> [Available data]:
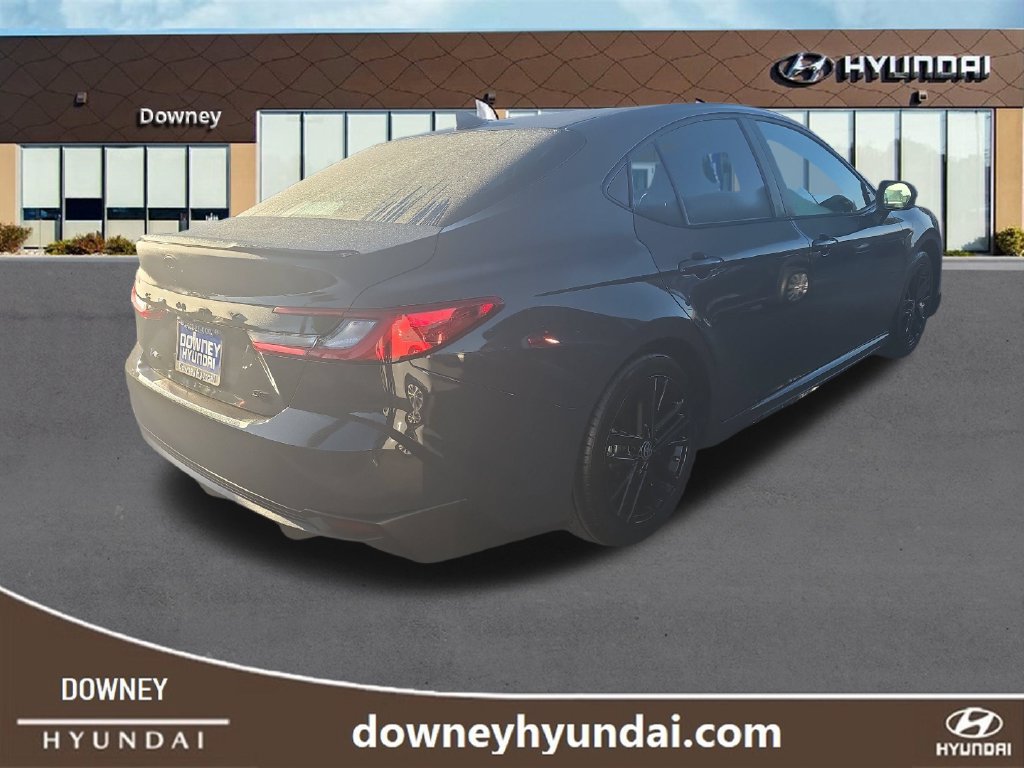 Used 2025 Toyota Camry SE w/ Convenience Package FWD image 5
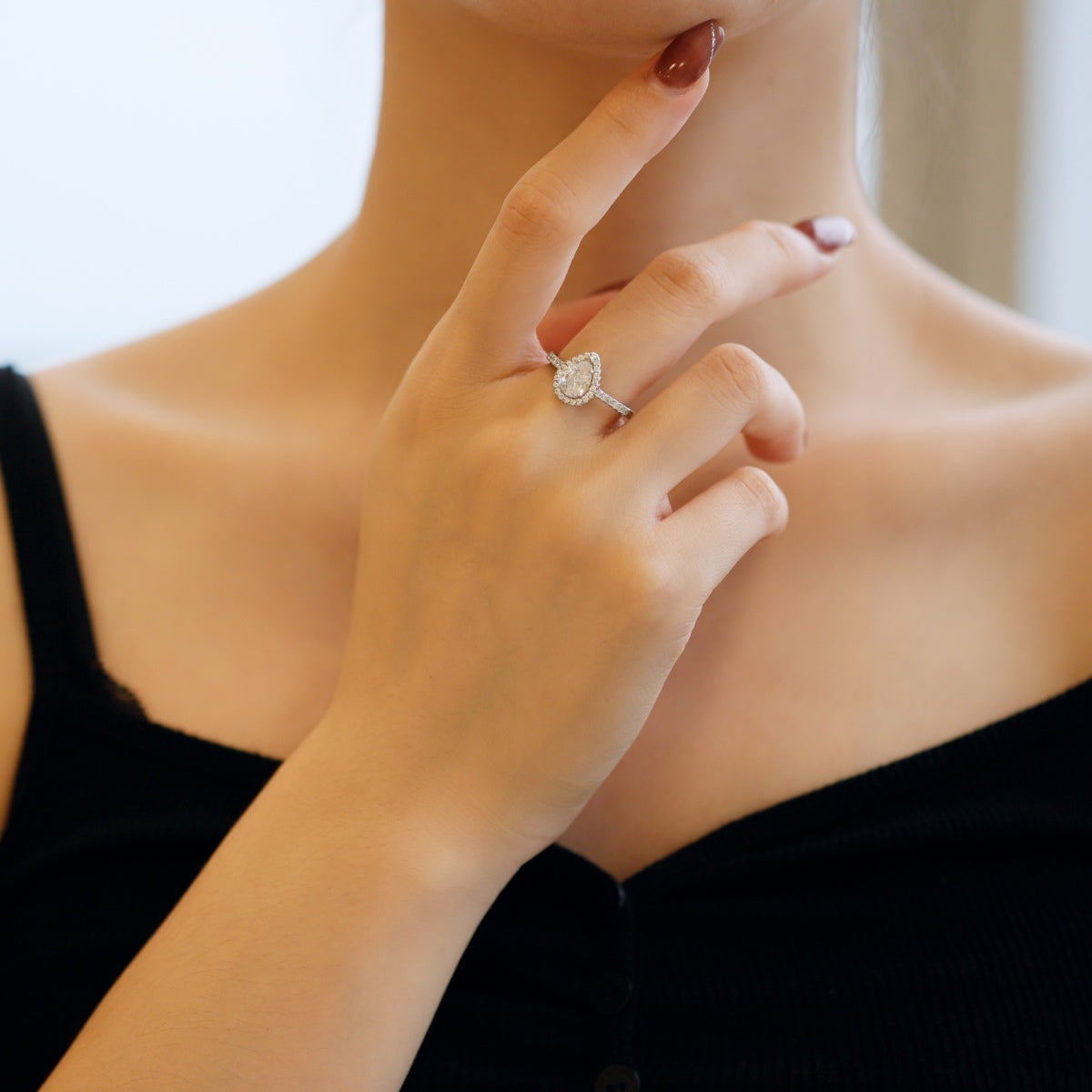 [Love More]1.0 Carat Luxurious Resplendent Water Drop Shape Wedding Ring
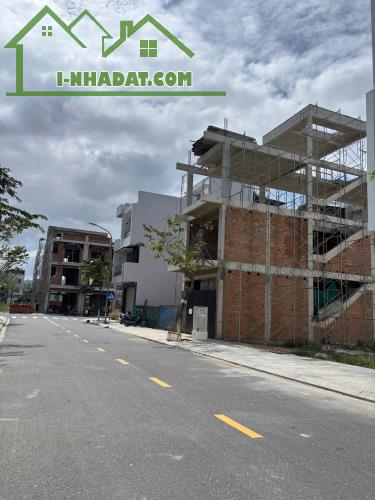 🔥VCN phước long 2 Đường B5 rộng 13m giá 5 tỷ 280 triệu - 1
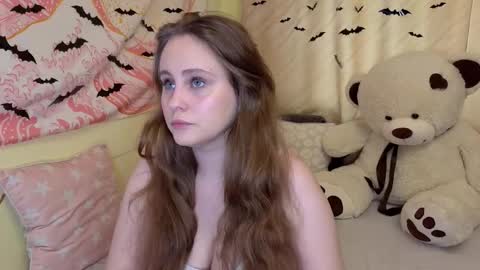 Snapshot of sellyahouston chatting on 11/13/25, 08:24 Sellya online show from 11/13/25, 08:24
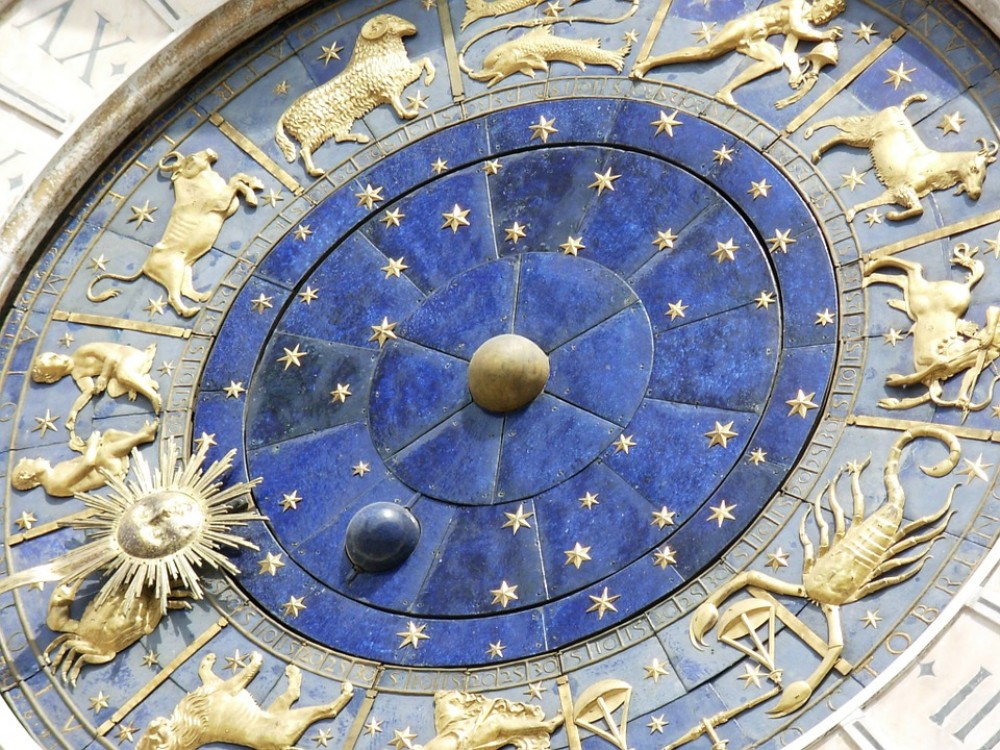 Uusi artikkeli: Horoskoopit askel askeleelta - Horoskooppi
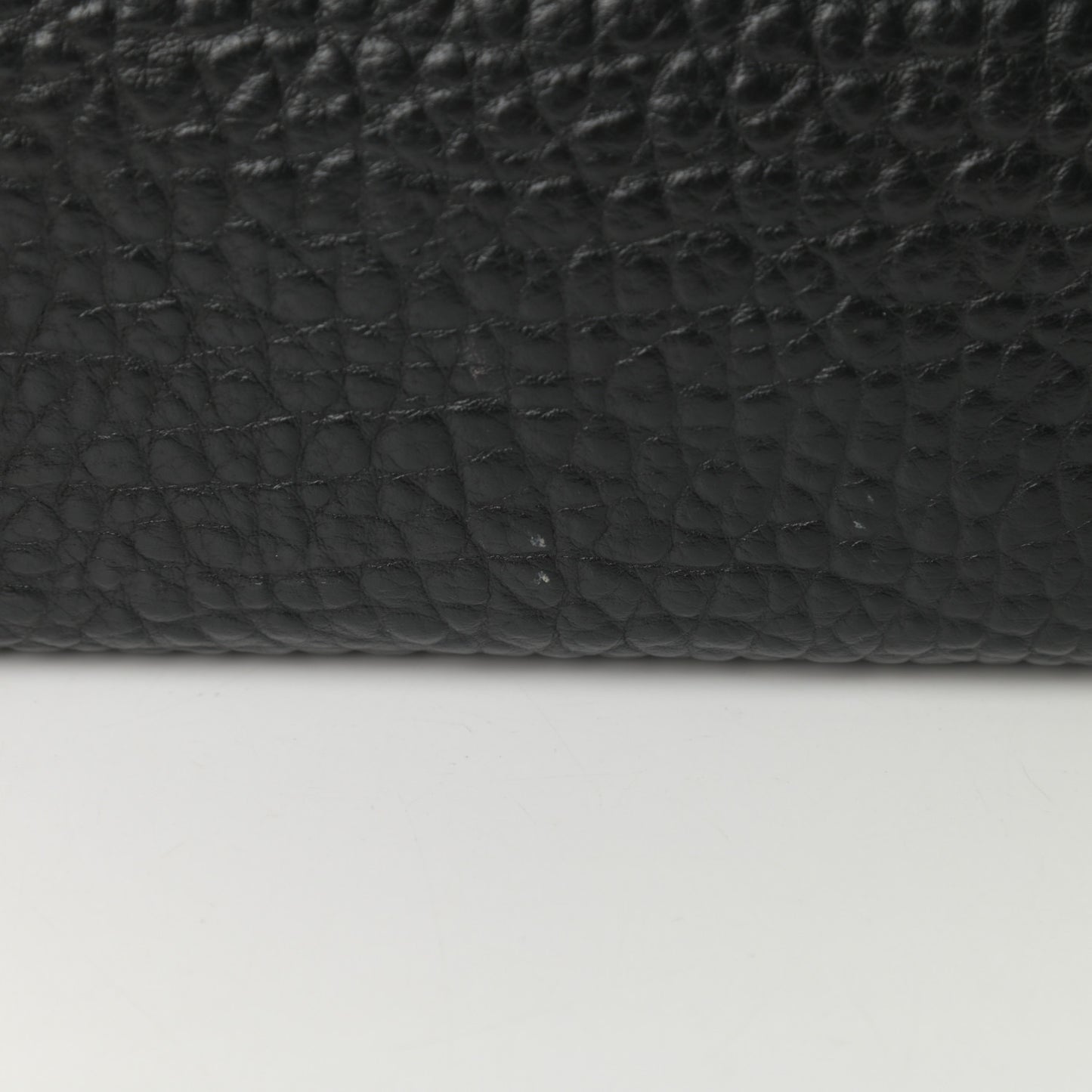 Signature Grain Large Mildenhall Shoulder Bag Black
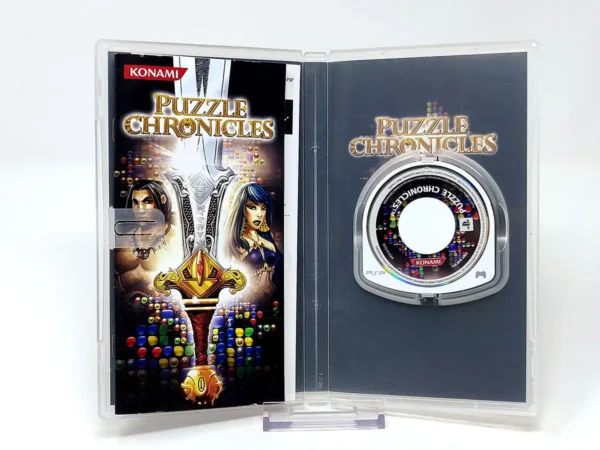 Interior del juego Puzzle Chronicles (ESP) (Rebajado) para PSP con disco y manual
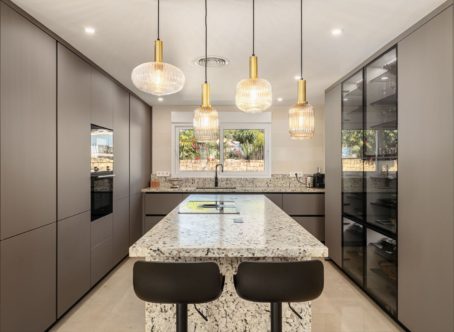 4 Bedroom Villa, in Nagüeles, Golden Mile, Marbella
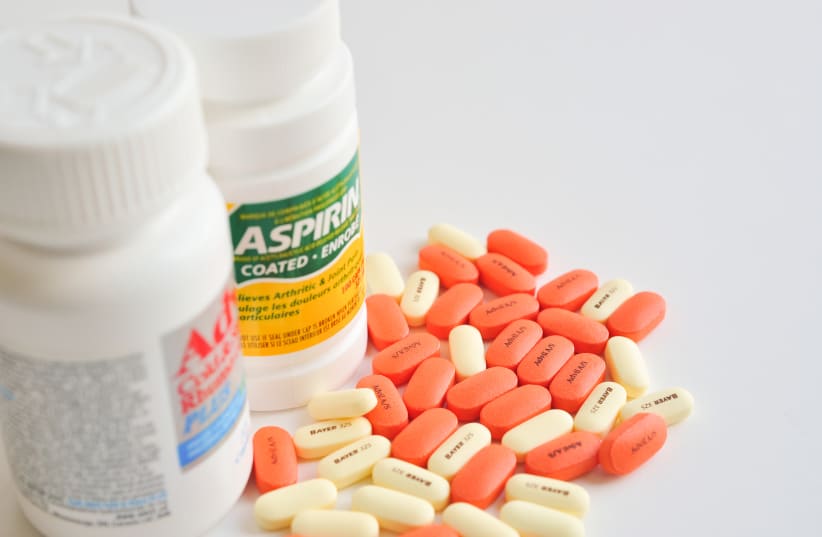  Aspirin (photo credit: INGIMAGE)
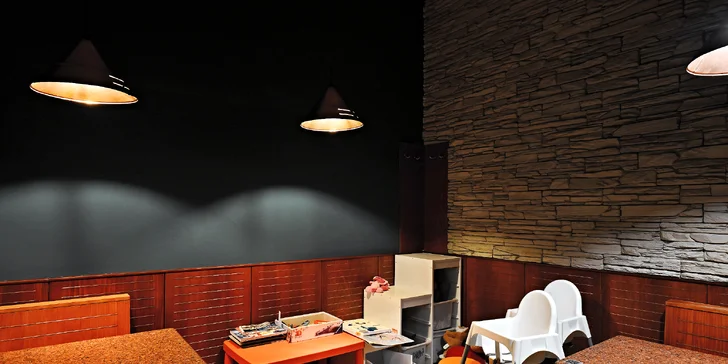 Otevřené vouchery na cokoli v hodnotě 350-1000 Kč do rodinné restaurace na Žižkově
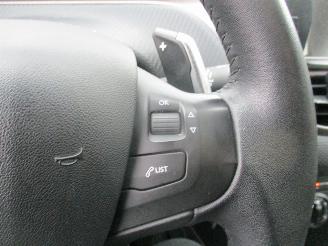 Peugeot 2008 1.2 PT BL Executive picture 19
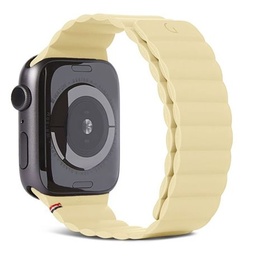 [D23AWS45TSL3SSN] Decoded Silicone Magnetic Traction Strap for Apple Watch 42/44/45/49mm - Sweet Corn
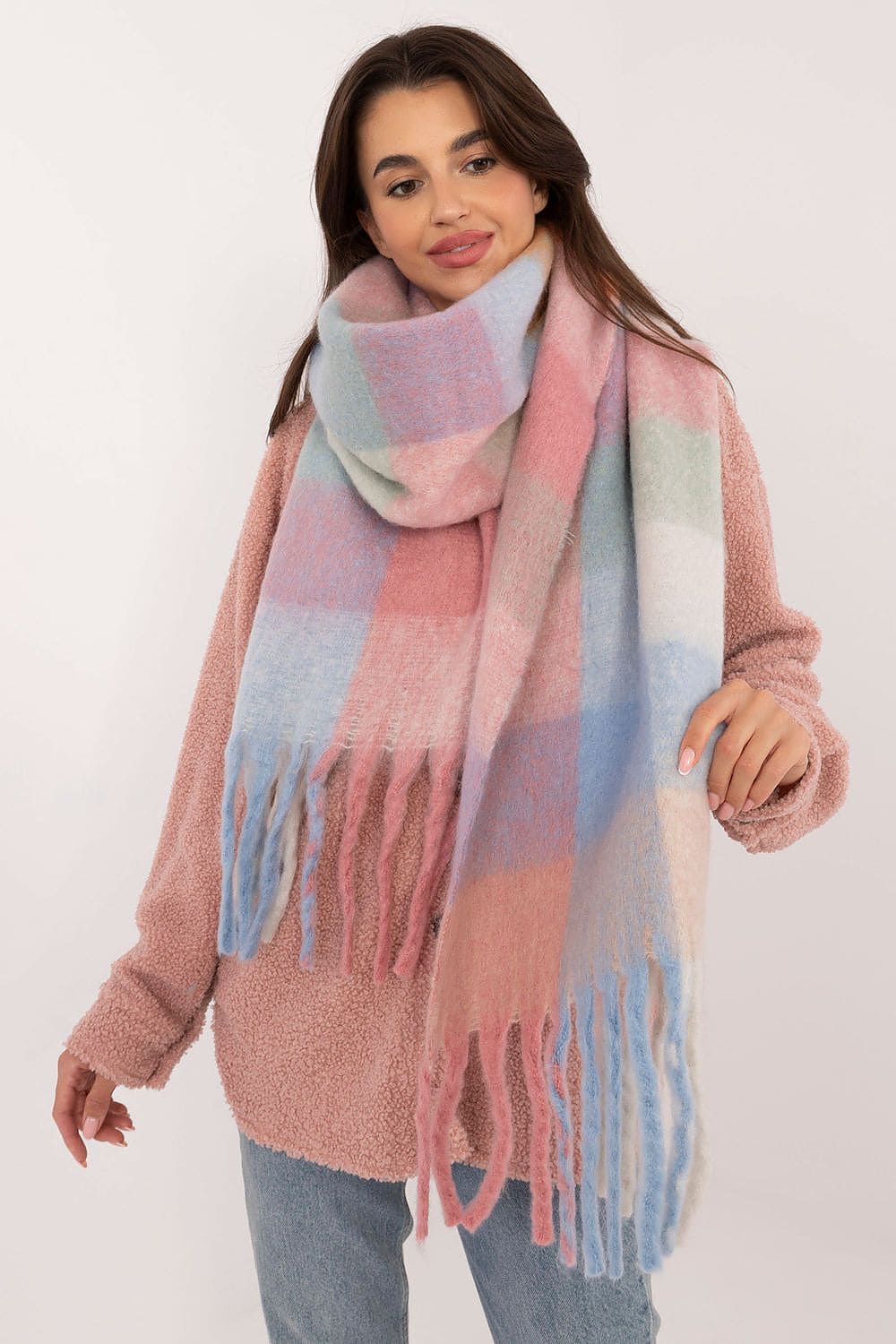 Shawl model 208264 AT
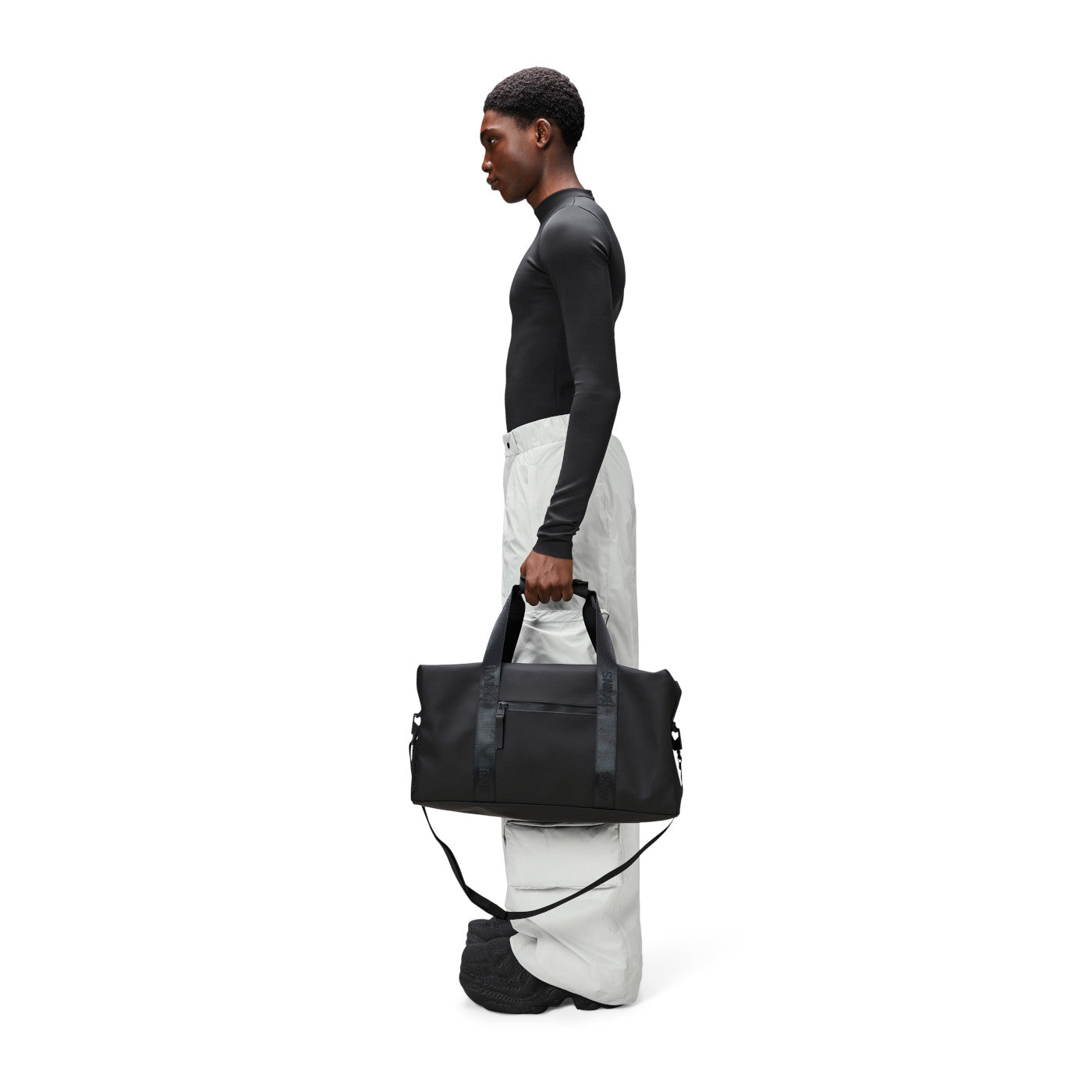 Rains Trail Black Travel bag R14380-01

> [Task to carry out]:
An exact copy of the records above is required, leaving out the pictures.

> [Exercise result]:
 Used 2025 Toyota Camry SE w/ Convenience Package FWD image 5
 [Love More]1.0 Carat Luxurious Resplendent Water Drop Shape Wedding Ring
 🔥VCN phước long 2 Đường B5 rộng 13m giá 5 tỷ 280 triệu - 1
 Snapshot of sellyahouston chatting on 11/13/25, 08:24 Sellya online show from 11/13/25, 08:24
 Uusi artikkeli: Horoskoopit askel askeleelta - Horoskooppi
 Signature Grain Large Mildenhall Shoulder Bag Black
 Interior del juego Puzzle Chronicles (ESP) (Rebajado) para PSP con disco y manual
 4 Bedroom Villa, in Nagüeles, Golden Mile, Marbella
  Aspirin (photo credit: INGIMAGE)
 Otevřené vouchery na cokoli v hodnotě 350-1000 Kč do rodinné restaurace na Žižkově
 Peugeot 2008 1.2 PT BL Executive picture 19
 [D23AWS45TSL3SSN] Decoded Silicone Magnetic Traction Strap for Apple Watch 42/44/45/49mm - Sweet Corn
 Shawl model 208264 AT
 Rains Trail Black Travel bag R14380-01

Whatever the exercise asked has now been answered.